Serialization layer as serious bottleneck
See original GitHub issueWe have been investigating the performance of our code node. Among a great many thing we managed to optimized and achieved some “ok-ish” numbers. A closer look now revealed that about 80% of the performance now goes away in the serialization layer. This is kind of unexpected as I would rather have expected the database, hashing and asymetric crypto to be the main bottlenecks. The situation is aggrevated by the fact that every transaction has a transaction id. This in turn is computed as the hash of all its elements (input states, notaries, output states, time windows, etc.), which each triggers a serialization again.
For testing purposes to get a closer view we made use of:
private static SerializedBytes serialize(Object object) {
SerializationFactory defaultFactory = SerializationFactory.Companion.getDefaultFactory();
SerializationContext defaultContext = defaultFactory.getDefaultContext();
return defaultFactory.serialize(object, defaultContext);
}
and serialized a single state with about two dozen fields. A resulting byte array was 3869 bytes long. One CPU core managed to serialize 2800 of those objects every second. If we assume that a great many objects are part of a transaction, then the pictures gets clearer why it takes this amount of time.
To give a reference, we serialized the same object with ObjectMapper from Jackson by first constructing a writer for the desired state type and then measured performance serializing that state object. Jackson managed to serialize 99500 objects every second. A factor 40 compared to AMQP. The json length of the result was 1065. I consider JSON rather ineffient but managed to be 75% smaller than AMQP while still being “standalone” not requiring a external model to deserialize. ProtoBuffer and friends would be another order of magnitude, but at the cast of an external model.

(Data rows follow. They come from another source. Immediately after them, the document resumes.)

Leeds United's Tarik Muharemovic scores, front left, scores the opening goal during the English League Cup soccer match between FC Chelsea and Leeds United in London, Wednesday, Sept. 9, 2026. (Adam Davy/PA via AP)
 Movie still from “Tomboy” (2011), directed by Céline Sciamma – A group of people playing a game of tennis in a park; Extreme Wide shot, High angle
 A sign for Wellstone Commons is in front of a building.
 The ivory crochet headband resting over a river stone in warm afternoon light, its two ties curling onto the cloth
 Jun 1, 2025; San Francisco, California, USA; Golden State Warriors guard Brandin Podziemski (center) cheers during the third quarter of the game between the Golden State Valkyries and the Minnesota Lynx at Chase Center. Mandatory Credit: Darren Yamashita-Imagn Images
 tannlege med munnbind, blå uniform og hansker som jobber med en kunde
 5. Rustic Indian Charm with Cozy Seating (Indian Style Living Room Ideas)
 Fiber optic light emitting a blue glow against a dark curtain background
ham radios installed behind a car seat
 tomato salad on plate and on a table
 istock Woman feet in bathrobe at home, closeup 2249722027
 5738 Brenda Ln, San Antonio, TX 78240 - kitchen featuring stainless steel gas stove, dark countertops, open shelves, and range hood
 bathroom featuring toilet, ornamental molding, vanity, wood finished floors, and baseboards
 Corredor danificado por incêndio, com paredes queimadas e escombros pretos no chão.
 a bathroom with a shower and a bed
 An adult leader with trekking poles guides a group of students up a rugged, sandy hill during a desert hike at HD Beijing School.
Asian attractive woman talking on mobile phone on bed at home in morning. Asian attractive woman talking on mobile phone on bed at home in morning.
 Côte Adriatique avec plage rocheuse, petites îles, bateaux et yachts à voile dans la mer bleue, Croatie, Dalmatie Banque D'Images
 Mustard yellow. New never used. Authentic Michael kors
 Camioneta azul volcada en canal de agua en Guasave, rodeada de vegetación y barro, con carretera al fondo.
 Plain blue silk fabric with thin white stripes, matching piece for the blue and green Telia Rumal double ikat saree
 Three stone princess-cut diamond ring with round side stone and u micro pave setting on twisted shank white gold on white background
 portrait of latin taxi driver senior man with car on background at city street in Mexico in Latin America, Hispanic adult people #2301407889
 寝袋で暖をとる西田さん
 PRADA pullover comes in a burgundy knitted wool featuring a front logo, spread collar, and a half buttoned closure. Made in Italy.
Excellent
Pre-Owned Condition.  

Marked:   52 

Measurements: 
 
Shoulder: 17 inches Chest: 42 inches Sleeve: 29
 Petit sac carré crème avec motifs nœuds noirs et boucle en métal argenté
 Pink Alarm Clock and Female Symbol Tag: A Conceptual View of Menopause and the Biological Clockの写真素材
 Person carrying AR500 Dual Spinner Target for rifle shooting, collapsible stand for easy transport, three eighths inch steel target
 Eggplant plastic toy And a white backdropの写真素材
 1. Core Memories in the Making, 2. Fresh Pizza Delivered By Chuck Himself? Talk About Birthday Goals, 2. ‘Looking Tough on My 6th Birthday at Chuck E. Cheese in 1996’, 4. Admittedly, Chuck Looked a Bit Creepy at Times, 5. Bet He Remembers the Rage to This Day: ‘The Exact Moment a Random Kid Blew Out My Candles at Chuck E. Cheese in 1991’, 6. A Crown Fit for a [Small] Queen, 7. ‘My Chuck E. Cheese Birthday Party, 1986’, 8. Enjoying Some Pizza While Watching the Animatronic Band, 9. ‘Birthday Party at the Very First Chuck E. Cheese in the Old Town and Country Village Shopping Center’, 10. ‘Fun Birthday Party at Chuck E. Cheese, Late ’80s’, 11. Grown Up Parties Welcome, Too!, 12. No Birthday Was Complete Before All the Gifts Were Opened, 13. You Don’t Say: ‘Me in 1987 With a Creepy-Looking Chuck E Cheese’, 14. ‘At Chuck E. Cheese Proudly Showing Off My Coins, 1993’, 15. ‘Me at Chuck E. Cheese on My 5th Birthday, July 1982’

When looking at it with a profiler, ones sees:
There is heavy work needed to serialize a great number of DescribedTypeElement. A closer look at the implemention shows for example:
val data = Data.Factory.create()
data.withDescribed(Envelope.DESCRIPTOR_OBJECT) {
withList {
writeObject(obj, this, context)
val schema = Schema(schemaHistory.toList())
writeSchema(schema, this)
writeTransformSchema(TransformsSchema.build(schema, serializerFactory), this)
}
}
....
as a first measure might be to cache the serialization of the schema part to directly get the byte array from a given cached schema history. Maybe providing a decent speed-bump. For a database perspective it may also would proof worthwile to seperate the data and the model seperately, avoiding the redudant storage of the model part.
For Corda applications to move towards more high-volume applications, this ticket feels rather important. Alternatively it would kind of also be nice to see plain JSON support (or something similar). There is widespread support across all devices, easy to read/write, standards how to compute a signature and very performant implementations.
Issue Analytics
- State:
- Created 4 years ago
- Reactions:2
- Comments:9 (7 by maintainers)
first draft in the commit above, 8x the performance
I took a deeper look at it in order to fix it. We expect a few ten million records, so performance is critical.
There is a “quick” solution to just make things faster by caching the schema. What I managed to do is instead of serializing the schema, I only put a small player holder into the data structure:
SerializationOutput:
And in a second step I can patch the AMQP structure with the real schema. There are four main elements:
It is rather straighforward to find the right place and do that replacement. In our first use case the schema makes up 90% of the serialized bytes. This in turn safes about a factor of 10x of serialization work (with some new, simple array manipulations). As a minor catch, one further has to patch the AMQP
ListElement
which holds the total size of all its data, which changes due to the placeholder. As further minor complication AMQP stores the length of the schema in the serialized output, which in turn has a variable length coding depending on whether it is larger or smaller than 255 bytes.Compared to Jackson it will still a bit slow should I gain that factor 10x. But it is not so suprising. For example, that encoding of the size by AMQP makes things more complicate. It has to traverse the complete object graph to compute the size of subelements, making that part similarly expensive as the “real” serialization.
If there is an interest in a PR, I could do that, I’m close to finishing it up for our use case. I’m carefully optimistic to achieve about 1000 tps on a older eight core machine (with further other optimizations) rivaling those official 32/64-core numbers.
But general question is where to move in this area. The serialization mechanism is inefficient and taking a huge amount of space in the database, so a split of model and data would be desirable, at least for storage. So maybe the manipulation above could be a starting point for that as well. Or of course the possiblity to support someting else like JSON (maybe even https://www.w3.org/TR/vc-data-model/ to allow interaction with other systems). Since all this impacts both long-term storage and the interaction with non-corda systems/clients, IMHO simplicity could be an important characteristic. Understanding and replicating all the AMQP things is rather challening and support beyond Java very limited. If there is an interest for JSON prototype PR, may would find time as well. I’m not quite sure if this will ever be an option or more a “hell will first freeze over” scenario 😃 since there has been quite some investiment in AMQP for serialization. For sure it would have to complement the existing serialization rather than replace it.